In the vast, mountainous region of Afghanistan’s Central Highlands, it is easy to miss the low stone wall that curves alongside a hilltop near Mahram Ali’s remote village.
But to Mahram, the contoured wall is the most important feature of the impressive landscape.
“All of my land was useless before,” Mahram says. “Now I can cultivate it.”
Throughout this part of Afghanistan, Catholic Relief Services works with farming communities to make their land more productive and less vulnerable to natural disasters.
CRS staff helped Mahram build the wall to protect his land from erosion. CRS also provided saplings that grow next to the wall for structural support. During the harsh winter, Mahram uses cuttings from the saplings to feed his livestock and as fuel to heat his home.
CRS also cleared part of his now-protected land so that he can grow alfalfa, which has become one of his most important cash crops. He now earns enough to send his oldest son to university, which costs about $800 a year.
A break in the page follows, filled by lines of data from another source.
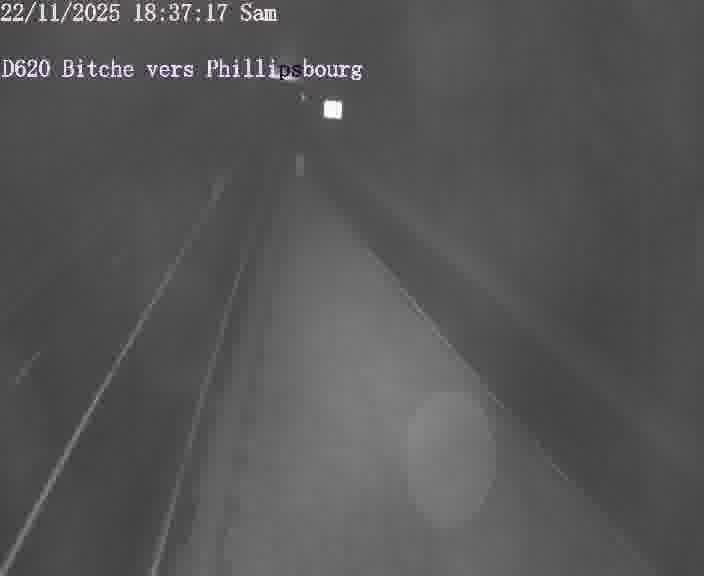 Webcam sur la D620, sur le contournement de Bitche. Vue orientée vers Philippsbourg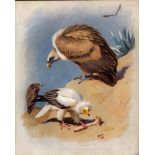Thorburn Antique Scarce Large Coloured Lithograph Vultures Adult & Young -29.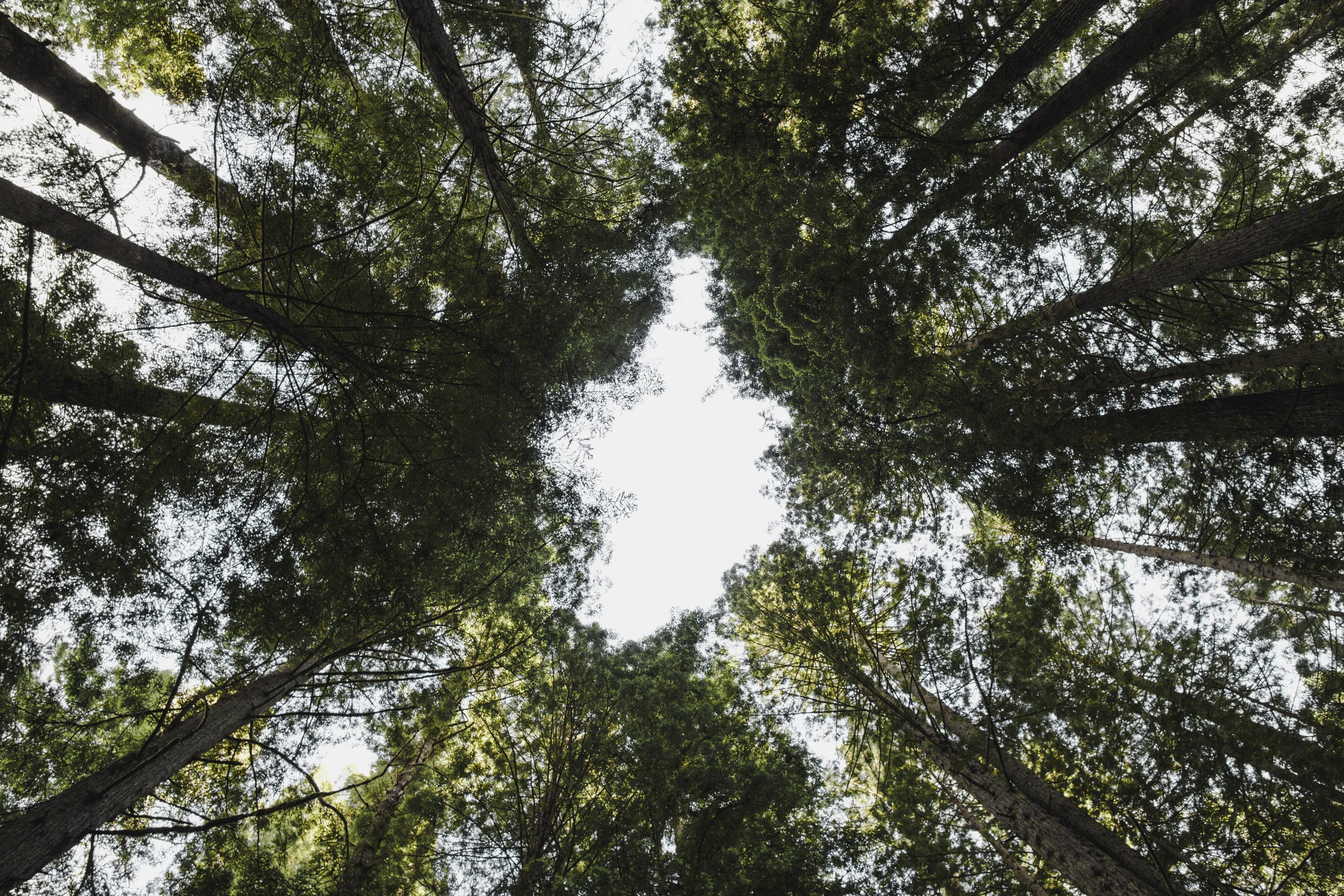 redwoods-0676.jpg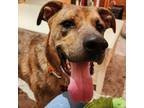 Adopt Ranger a Brown/Chocolate Mixed Breed (Large) / Mixed dog in Spokane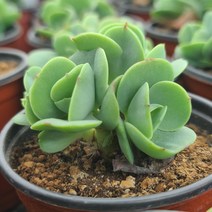 [소소한다육] 둥근잎비취후리데 군생 에케베리아속 다육식물, 1개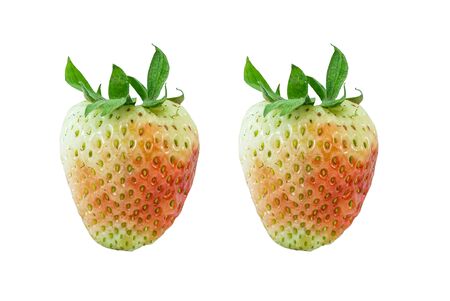 strawberryの写真素材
“I feel happy, and I appreciate so much the work of CRS because my life has been made easier,” he says.
In Sange Sorakh, another farming community in the Central Highlands, CRS is guiding the people to dig hillside trenches.
“If there is too much snowmelt, the canal, which feeds the surrounding farmland, will wash out,” says CRS Livelihoods Program Manager Sam Nichols. “That could spell disaster for the nearby villages, which are made up entirely of subsistence farmers.”
Last year, flooding occurred five times. Each time, the canal was destroyed. Hillside trenches catch excess water and snowmelt, protecting the canal and the farmers from ruin.
CRS has been carrying out natural resource management work in Afghanistan since 2008. The work has benefited about 40,000 people.